Closed PGaneshIyer closed 4 years ago
Update: The problem is not just the shuffling of the lines (rows or samples) in train.dat, but rather the relabeling of the samples AFTER the shuffling. Certain ways of relabeling them gives different models than others. (same results in v3.0 and v3.0.2)
Hi, I have tried with your data on my computer. Both train_shuffle1.dat and train_shuffle2.dat yield exactly the same SISSO.out (only wall-clock time differ) using v3.0.2, no matter I run it in serial (1 core) or parallel (8 cores).
I uploaded the same file for the two shuffled data earlier by mistake. Please see attached zip-file witch correct files to reproduce my output. Shuffled.zip
train.dat for shuffled1 and shuffled2 are same data, but shuffled and re-labeled -- but they give different SISSO.out files.
train.dat for shuffled1 and shuffled1_norelabel are same data, but shuffled and NO re-labeling -- they now give same SISSO.out file.
I believe, re-labeling of data should not matter. Why does it seem to matter? (hope you can now reproduce my output)
Thanks.
Problem identified!
In train_shuffle1.dat all E are negative (-26.xxx), but in train_shuffle2.dat you have one E (labeled 17) being positive: 26.50094444. Thus, you have two different train.dat.
After adding a negative sign to that positive E, I got same models for them (though tiny difference of SISSO.out).
So it was an error in the dataset...that is good news, although I am at a loss how that happened, as I was using the bash 'shuf' program. Thank you for digging into this.

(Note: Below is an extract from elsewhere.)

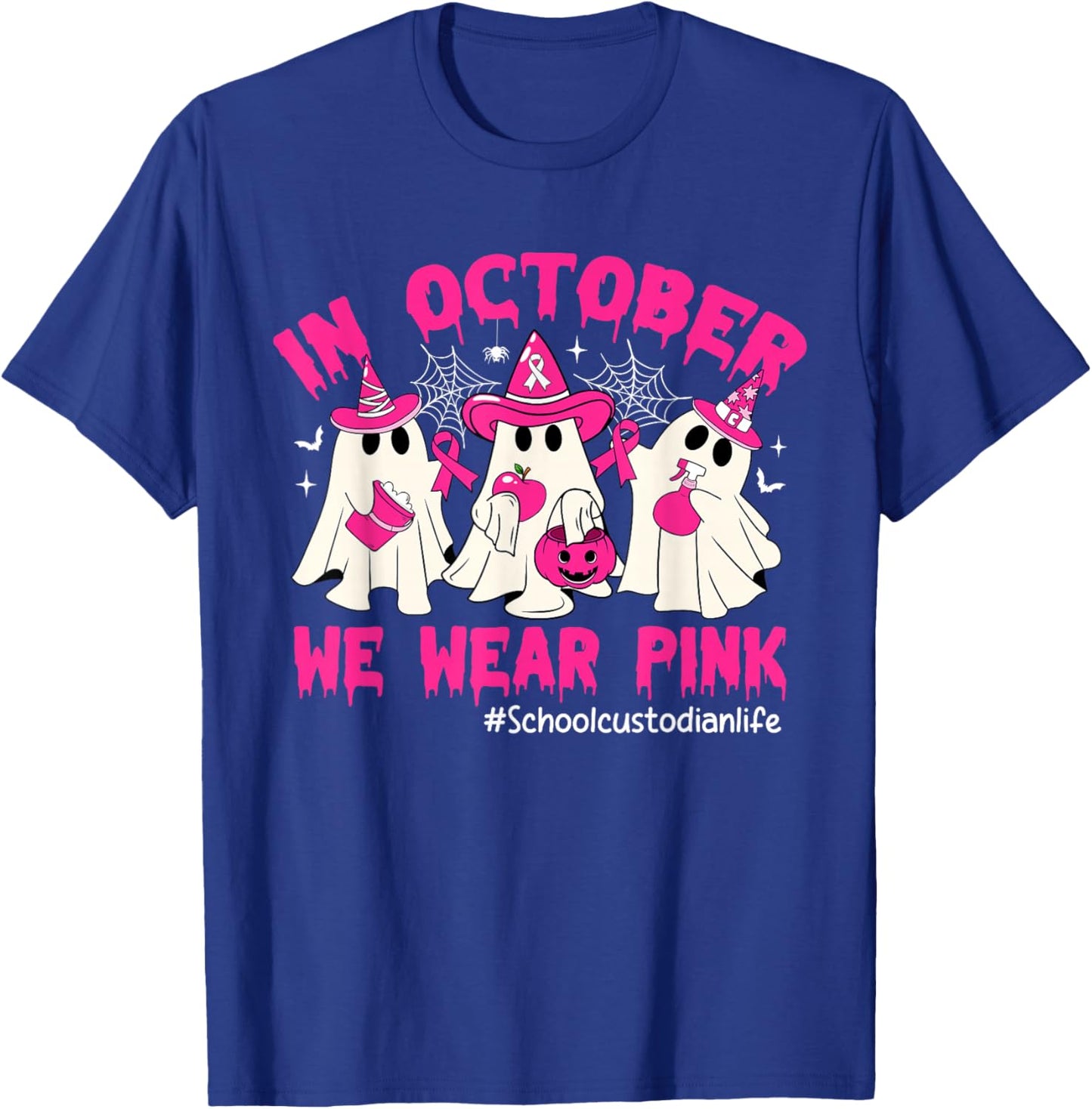 In October We Wear Pink School Custodian Life Breast Cancer T-Shirt - T-Shirt | Royal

Take care.
Hello,
I am getting different results for a regression model using the same training data (and input parameters) but with shuffled lines in the train.dat file. It seems like an unintended behavior for the code, but could also be because I made a mistake.
Attaching the two shuffled training-data (train_shuffle1,2.dat), and my SISSO.in file here. Advice would be much appreciated. Using SISSOv3.0.
Thanks. Shuffled.zip